Manual curation is vital for maintaining quality information in biological databases. However, with the exponential growth in biological data this approach is both challenging and time consuming. We wanted to create a scalable and sustainable process which could complement manual curation.
We recently launched a new service – SciLite
– that allows text-mined annotations to be displayed on research articles. The aim of this effort is to promote sustainability of curated databases by bridging the gap between literature and data. To this end, SciLite:
- supports database curation processes, by highlighting biological concepts, making it easier to find key concepts described in articles;
- provides a mechanism to link those concepts to the related resources, for efficient data integration.
SciLite’s open design enables community-driven annotations, from text-mining groups, and manual annotations, to be made available to Europe PMC users.
What are SciLite annotations?
SciLite annotations enable biological terms and concepts, such as genes/proteins, diseases, organisms and accession numbers, to be highlighted on full text articles in Europe PMC. Using the check-boxes on the right-hand side of article pages, readers can select the types of concepts that they are most interested in and matching annotations for that article will be highlighted on the article text as below.
Clicking on the highlighted terms in the text opens a popup with a link to related database record. In the example below, an interactive Protein Data Bank (PDB) structure model is also provided when you click on a highlighted PDB accession number.
When annotations are provided by the text-mining community, the source of the annotation is displayed. In the example below, the Gene Reference into Function (GeneRIF) annotations were provided by the Text Mining group at HES-SO, Geneva, Switzerland.
Another text-mining group – NaCTeM – has provided phosphorylation event annotations, as shown below.
Take a look at this example article with annotations.

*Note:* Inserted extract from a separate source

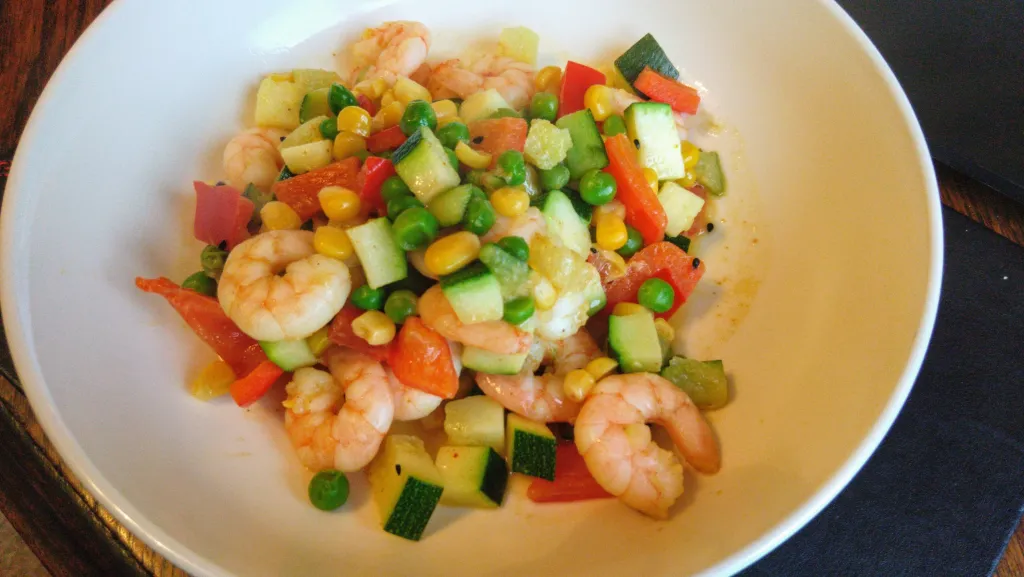 Photograph of Prawn and vegetable balti.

How are annotations generated?
The biological terms and concepts are identified by text mining algorithms, which are developed by a variety of text mining groups. Any text-mining group can participate in this scheme. Once concepts of interest have been identified within the text, they are formatted according to the W3C Web Annotation Data Model
, and stored in a triple store via the EMBL-EBI RDF Platform. If you are a text miner, find out how to provide annotations to Europe PMC at our SciLite annotations page
We’re improving annotations with your help
Because annotations are generated automatically by text mining algorithms, we want to ensure that annotations are useful to users of Europe PMC. On each annotation there is the opportunity to provide feedback by either marking the annotation as incorrect, or endorsing useful annotations.
This information is fed back to the Europe PMC team and will be acted upon, helping to improve the annotations overall.